─── Information supplied ───
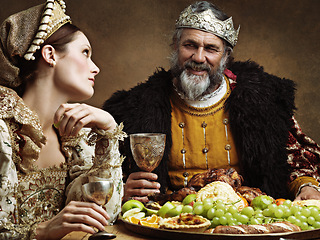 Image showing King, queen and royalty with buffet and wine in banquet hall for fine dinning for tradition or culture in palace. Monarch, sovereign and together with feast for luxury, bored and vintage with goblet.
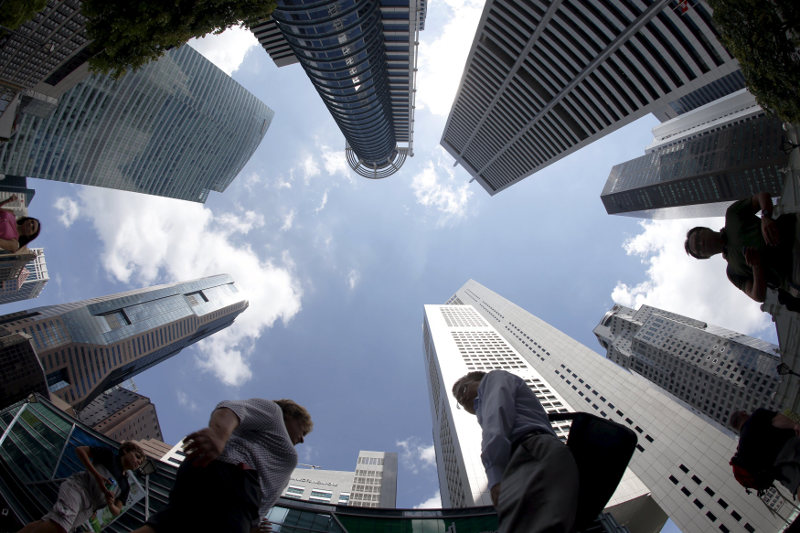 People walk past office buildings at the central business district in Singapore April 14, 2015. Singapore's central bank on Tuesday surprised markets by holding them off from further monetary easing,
───
─── Information supplied ───
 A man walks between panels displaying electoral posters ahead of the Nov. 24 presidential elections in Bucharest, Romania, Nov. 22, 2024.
───
### What this task involves
Above are records; write out the lines from the one with "Image showing King, queen" down to the one with "People walk past", exactly, leaving the pictures out.

### Result
 Image showing King, queen and royalty with buffet and wine in banquet hall for fine dinning for tradition or culture in palace. Monarch, sovereign and together with feast for luxury, bored and vintage with goblet.
 People walk past office buildings at the central business district in Singapore April 14, 2015. Singapore's central bank on Tuesday surprised markets by holding them off from further monetary easing,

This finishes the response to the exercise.